ADMIN EDIT: This thread is for discussion purposes only. This is not official information from DirecTV therefore it must be considered rumor. With that said, it is highly suggested to do your homework before buying ANY receiver.


----------



## wahooq (Oct 19, 2011)

As long as the employee is an EX employee and one that has owned equipment, it is transferable. AFTER seperation of employment, you can purchase/activate it IF the account is in good standing. Some peeps work for DTV in a contracted position that may involve different rules. If in doubt always call DTV and ask for the Access Card Department. Before shelling out any $$$


----------



## iceturkee (Apr 1, 2007)

Not anymore.. New policy but former employees can no longer sell their stuff. Dtv will not activate.


----------



## wahooq (Oct 19, 2011)

> Not anymore.. New policy but former employees can no longer sell their stuff. Dtv will not activate


NOT true FORMER employees can sell their equip if they own it, and in some cases like vendors or HSP's they don't ......CURRENT employees can't sell their equip or even trade it...


----------



## carl6 (Nov 16, 2005)

Bottom line is: Always get the Receiver ID number (RID), then call the access card department and ask whether or not you could activate the unit if you purchased it. This applies to any used, allegedly owned, receiver/DVR whether it is from a former employee, on an auction site, or in a yard sale.


----------



## wahooq (Oct 19, 2011)

^+1 good call


----------



## Shades228 (Mar 18, 2008)

I would follow Scotts advice on this one.


----------



## Chris Blount (Jun 22, 2001)

I have added the following to the first post in this thread:

This thread is for discussion purposes only. This is not official information from DirecTV therefore it must be considered rumor. With that said, it is highly suggested to do your homework before buying ANY receiver.


----------



## wahooq (Oct 19, 2011)

^werd!


----------



## Rich (Feb 22, 2007)

Chris Blount said:


> I have added the following to the first post in this thread:
> 
> This thread is for discussion purposes only. This is not official information from DirecTV therefore it must be considered rumor. With that said, it is highly suggested to do your homework before buying ANY receiver.


This is the correct number to call to get the Access Card Dept.: 877-887-7994. I wouldn't trust anyone else when it comes to buying an owned HR. Most of the HRs for sale on eBay are leased. I call a few times a week about them and I haven't seen an owned HR (a model that I would buy) in quite a while. Some of the folks that sell them on a regular basis (have no idea where they get them) I never check, but the prices are too high for those. I think.

Rich


----------



## iceturkee (Apr 1, 2007)

go to the former dtv employee selling equipment thread in the buy, sell, trade thread. in addition to my comments, there is a comment from a dtv employee and a dbstalk member who was told he couldn't activate the equipment he recently purchased from a former employee.


----------



## joshjr (Aug 2, 2008)

iceturkee said:


> Not anymore.. New policy but former employees can no longer sell their stuff. Dtv will not activate.
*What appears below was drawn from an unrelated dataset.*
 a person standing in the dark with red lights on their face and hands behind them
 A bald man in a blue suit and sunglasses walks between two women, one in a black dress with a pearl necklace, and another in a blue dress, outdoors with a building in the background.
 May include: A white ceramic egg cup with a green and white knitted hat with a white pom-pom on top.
I dont think that is a clear cut answer. What if I own my recievers and then I start working with DirecTV? I should still own what I owned before I started with them.


----------



## AntAltMike (Nov 21, 2004)

Since nearly all "new" DirecTV receivers have been leased rather than owned for several years now, what are we talking about here? Some old Hughes HAH series and maybe some Sony TIVOs? It is my understanding that the impetus for still buying receivers is to get the model that one wants, which DirecTV cannot or will not arrange, so it seems implausible that an employee would have "bought" his receiver from DirecTV rather than taking the leased model, since he would not get the benefit of guaranteeing the model he received.


----------



## joshjr (Aug 2, 2008)

AntAltMike said:


> Since nearly all "new" DirecTV receivers have been leased rather than owned for several years now, what are we talking about here? Some old Hughes HAH series and maybe some Sony TIVOs? It is my understanding that the impetus for still buying receivers is to get the model that one wants, which DirecTV cannot or will not arrange, so it seems implausible that an employee would have "bought" his receiver from DirecTV rather than taking the leased model, since he would not get the benefit of guaranteeing the model he received.


There are some things you are not getting here. Someone could leasea HR34, cancel it and not send it back, then pay the DNF fee and own it. They could have owned equipment and have a older unit replaced with a HR24 and then start working for DirecTV. There ae ways. Seems like some are being way to narrow minded. Things are possible.


----------



## iceturkee (Apr 1, 2007)

joshjr said:


> I dont think that is a clear cut answer. What if I own my recievers and then I start working with DirecTV? I should still own what I owned before I started with them.


anything that dtv would give you gratis while you are employed would not be eligible to be sold, even after you terminated your employment. that's what two people on the customer advocacy team told me. take it however you want.


----------



## AnonomissX (Jun 29, 2006)

I don't think anyone really wants the deactivated Hughes SD-HBH's I have lying around somewhere, LOL!


----------



## hdtvfan0001 (Jul 28, 2004)

Going full circle back to the original post.

It is clear the intent of this information was to alert folks here to be *aware* of a rumored change in policy for DirecTV employees (they used to get equipment as owned and could sell it as owned, regardless of being a current or past employee), as well as the fact that purchasing any receiver or DVR as an "owned" unit carries some risk. The only exception to any risk is buying it from DirecTV, but that will likely be at full retail price.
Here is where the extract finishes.